Vous trouverez dans ce chapitre la définition de la notion de langue de spécialité et sa distinction par rapport aux autres notions

1. Introduction

Le monde d’aujourd’hui est soumis à de profondes mutations engendrées par la fulgurante avancée scientifique et technique marquée notamment par le développement des moyens de communications. La planète est devenue comme un petit village où les gens sont amenés à faire des échanges. Dans ce cadre, les besoins en matière de langue deviennent de plus en plus grandissants. Les nations du monde se trouvent dès lors contrainte de faciliter la communication par l’apprentissage des langues notamment étrangères  de manière à favoriser les échanges économiques, politiques, ….  Désormais, l’institution scolaire et universitaire est devenue le terrain privilégié pour la mis en œuvre de méthodologies d’enseignement des langues. Pour ce faire, pédagogues et didacticiens œuvrent dans la perspective de promouvoir les méthodologies d’enseignement apprentissages des langues répondant aux besoins du terrain. Un champ de recherche de recherche commence donc à connaitre un engouement particulier : la didactique des langues.

Traditionnellement, la problématique de l’enseignement des langues en didactique portait sur la scolarisation des enfants. Diverses théories et méthodologies se sont succédé pour pallier aux difficultés des enfants scolarisés. La diversité des publics et des besoins en matière de langue conduit les chercheurs et les didacticiens à élaborer des méthodologies adaptées suivant les besoins de chaque public.  C’est pourquoi l’enseignement du français à déjà connu diverses appellations suivant les contextes : FLM, FLS, FLE. En effet, le statut occupé par la langue au sein d’un pays est en relation étroite avec les démarches à entreprendre pour l’enseigner. Les locuteurs ayant le français pour langue maternelle, ceux qui l’ont comme langue seconde et ceux qui l’ont comme langue étrangère ne manifestent en réalité pas les mêmes besoins en matière de langue. Pour les deux premiers cas, le français est utilisé comme moyen de connaissance, autrement dit, la langue est utilisée pour l’apprentissage des connaissances relevant de différents domaines : mathématiques, histoire, médecine, physique, ….
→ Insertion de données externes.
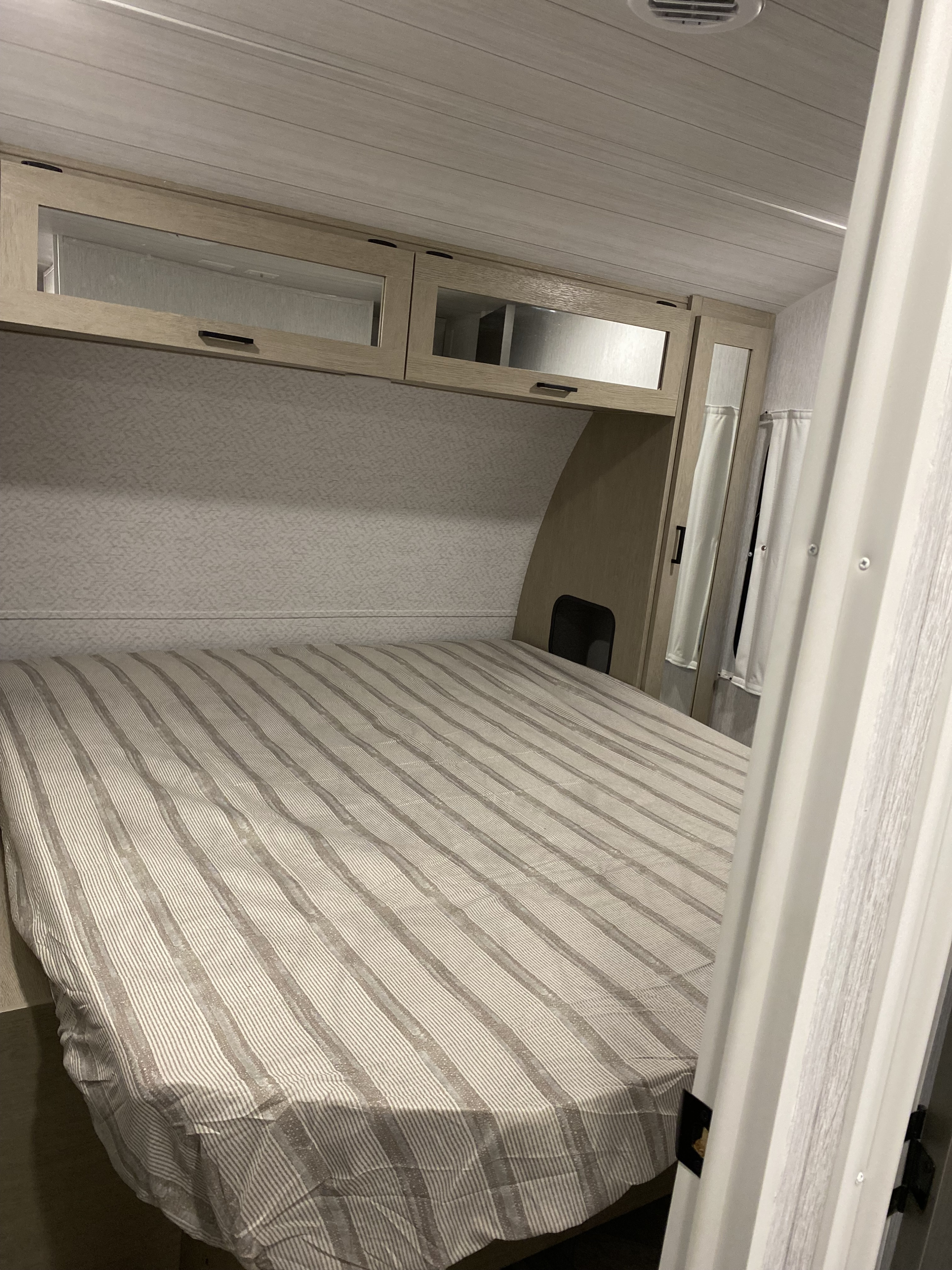 Cozy RV rental bedroom with striped bedding, overhead cabinets, and a mirrored closet, offering comfortable travel accommodation.. Forest River Salem 2024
A cette problématique (l’enseignement du français pour les enfants) s’ajoute, à  partir des années 50, celle de l’arrivée d’un nouveau public adulte exprimant des besoins particuliers en matière de langue. Il s’agit notamment des étudiants spécialisés dans un domaine scientifique et manifestant un besoin de renforcement linguistique de manière à faciliter l’apprentissage des connaissances de spécialité. Il s’agit dès lors de développer une compétence linguistique dans un domaine précis de connaissance. Le français général n’arrive plus à satisfaire les besoins d’un public en quête d’apprentissage ciblé et en étroite relation avec la spécialité. L’enseignement du français va alors connaitre un bouleversement méthodologique. C’est dans cette perspective que s’inscrivent les langues de spécialité qui ont connu beaucoup d’évolution dans le but de remédier aux difficultés de ce nouveau public. Diverses conceptions ont alors vu le jour et se sont succédé afin de remédier aux difficultés d’apprentissage des langues de ce public adulte.

2. Définition : Qu’est-ce qu’une langue de spécialité ?

Il est difficile de cerner avec précision la notion de « langue de spécialité » d’autant plus que les chercheurs n’arrivent pas à s’entendre sur la définition, voire sur l’appellation à donner. Les appellations sont, en effet, multiples et variées suivant les chercheurs : langue de spécialité, de langues de spécialité, langues spécialisées, vocabulaire scientifique, …. Il n’y a, à cet effet, pas de consensus entre les chercheurs ni sur l’appellation ni sur la définition.

Galisson et Coste définissent la langue de spécialité de manière générale comme : « une expression générique pour désigner les langues utilisées dans les situations de communication qui impliquent la transmission d’une information relevant d’un champ d’expérience particulier » (1976, 511)

Pour Lerat : «  c’est une langue naturelle considérée en tant que vecteur de connaissances spécialisées » (Lerat, 1995 : 20)

Dubois, quant à lui, la définit comme « un sous-système linguistique tel qu’il rassemble des spécificités linguistiques d’un domaine particulier » (Dubois, 2001 : 40).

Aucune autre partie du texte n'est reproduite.